PRINCE PETROVITCH:
But do you think, Baron, that Prince Paul is really going?
BARON RAFF:
He is exiled.
PRINCE PETROVITCH:
Yes, but is he going?
BARON RAFF:
I am sure of it; at least he told me he had sent two telegrams already to Paris about his dinner.
COUNT ROUVALOFF:
Ah! that settles the matter.
CZAR:
[(coming forward )] Prince Paul had better send a third telegram and order [(counting them)] six extra places.
BARON RAFF:
The devil!
CZAR:
No, Baron, the Czar. Traitors! There would be no bad kings in the world if there were no bad ministers like you. It is men such as you are who wreck mighty empires on the rock of their own greatness. Our mother, Russia, hath no need of such unnatural sons. You can make no atonement now; it is too late for that. The grave cannot give back your dead, nor the gibbet your martyrs, but I shall be more merciful to you. I give you your lives! That is the curse I would lay on you. But if there is a man of you found in Moscow by to-morrow night your heads will be off your shoulders.
BARON RAFF:
You remind us wonderfully, Sire, of your imperial father.
CZAR:
I banish you all from Russia. Your estates are confiscated to the people. You may carry your titles with you. Reforms in Russia, Baron, always end in a farce. You will have a good opportunity, Prince Petrovitch, of practising self-denial, that excellent virtue! that excellent virtue! So, Baron, you think a Parliament in Russia would be merely a place for brawling. Well, I will see that the reports of each session are sent to you regularly.
BARON RAFF:
Sire, you are adding another horror to exile.
CZAR:
But you will have such time for literature now. You forget you are diplomatists. Men of thought should have nothing to do with action.
PRINCE PETROVITCH:
Sire, we did but jest.
CZAR:
Then I banish you for your bad jokes.

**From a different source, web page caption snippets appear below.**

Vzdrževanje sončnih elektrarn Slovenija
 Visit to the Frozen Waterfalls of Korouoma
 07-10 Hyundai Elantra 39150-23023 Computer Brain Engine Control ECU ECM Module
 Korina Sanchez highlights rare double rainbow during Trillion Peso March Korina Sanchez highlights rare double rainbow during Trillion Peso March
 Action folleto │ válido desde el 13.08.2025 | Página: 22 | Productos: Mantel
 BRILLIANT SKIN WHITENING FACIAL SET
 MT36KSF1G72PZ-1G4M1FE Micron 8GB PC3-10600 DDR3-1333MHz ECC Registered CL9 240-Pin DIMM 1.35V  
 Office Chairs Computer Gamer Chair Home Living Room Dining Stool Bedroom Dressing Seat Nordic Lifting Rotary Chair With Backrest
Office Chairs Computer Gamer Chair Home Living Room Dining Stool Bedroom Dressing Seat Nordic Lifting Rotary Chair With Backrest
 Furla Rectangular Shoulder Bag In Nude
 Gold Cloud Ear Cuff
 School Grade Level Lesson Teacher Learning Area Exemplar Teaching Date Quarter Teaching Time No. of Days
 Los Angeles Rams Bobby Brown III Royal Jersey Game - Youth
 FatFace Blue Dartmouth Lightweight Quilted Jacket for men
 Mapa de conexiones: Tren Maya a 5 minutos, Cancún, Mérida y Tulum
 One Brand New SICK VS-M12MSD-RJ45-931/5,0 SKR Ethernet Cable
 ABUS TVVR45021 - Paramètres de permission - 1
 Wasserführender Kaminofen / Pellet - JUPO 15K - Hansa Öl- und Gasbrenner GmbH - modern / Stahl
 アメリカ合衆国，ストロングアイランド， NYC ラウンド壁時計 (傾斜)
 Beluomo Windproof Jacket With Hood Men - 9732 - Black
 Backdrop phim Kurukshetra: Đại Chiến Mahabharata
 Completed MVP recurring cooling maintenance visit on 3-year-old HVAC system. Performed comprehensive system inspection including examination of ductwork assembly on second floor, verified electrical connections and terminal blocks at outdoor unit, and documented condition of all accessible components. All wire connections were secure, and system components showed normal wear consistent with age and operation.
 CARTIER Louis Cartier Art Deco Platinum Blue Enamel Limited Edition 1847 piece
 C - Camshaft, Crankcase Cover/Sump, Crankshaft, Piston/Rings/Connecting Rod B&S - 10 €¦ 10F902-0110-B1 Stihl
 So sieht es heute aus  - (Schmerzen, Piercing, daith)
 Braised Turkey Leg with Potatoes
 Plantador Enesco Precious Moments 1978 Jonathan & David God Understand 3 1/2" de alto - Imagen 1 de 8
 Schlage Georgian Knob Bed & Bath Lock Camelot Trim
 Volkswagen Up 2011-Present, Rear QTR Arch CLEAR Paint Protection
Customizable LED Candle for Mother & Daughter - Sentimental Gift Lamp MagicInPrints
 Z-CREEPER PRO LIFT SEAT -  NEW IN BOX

Bon voyage Messieurs. If you value your lives you will catch the first train for Paris. [(Exeunt Ministers.)] Russia is well rid of such men as these. They are the jackals that follow in the lion's track. They have no courage themselves except to pillage and rob. But for these men and for Prince Paul my father would have been a good king, would not have died so horribly as he did die. How strange it is, the most real parts of one's life always seem to be a dream! The council, the fearful law which was to kill the people, the arrest, the cry in the court-yard, the pistol-shot, my father's bloody hands, and then the crown! One can live for years sometimes without living at all, and then all life comes crowding into one single hour. I had no time to think. Before my father's hideous shriek of death had died in my ears I found this crown on my head, the purple robe around me, and heard myself called a king. I would have given it up all then; it seemed nothing
to me then; but now, can I give it up now? Well, Colonel, well? [(Enter COLONEL OF THE GUARD.)]
COLONEL:
What password does your Imperial Majesty desire should be given to-night?
CZAR:
Password?
COLONEL:
For the cordon of guards, Sire, on night duty around the palace.
CZAR:
You can dismiss them. I have no need of them. [(Exit COLONEL.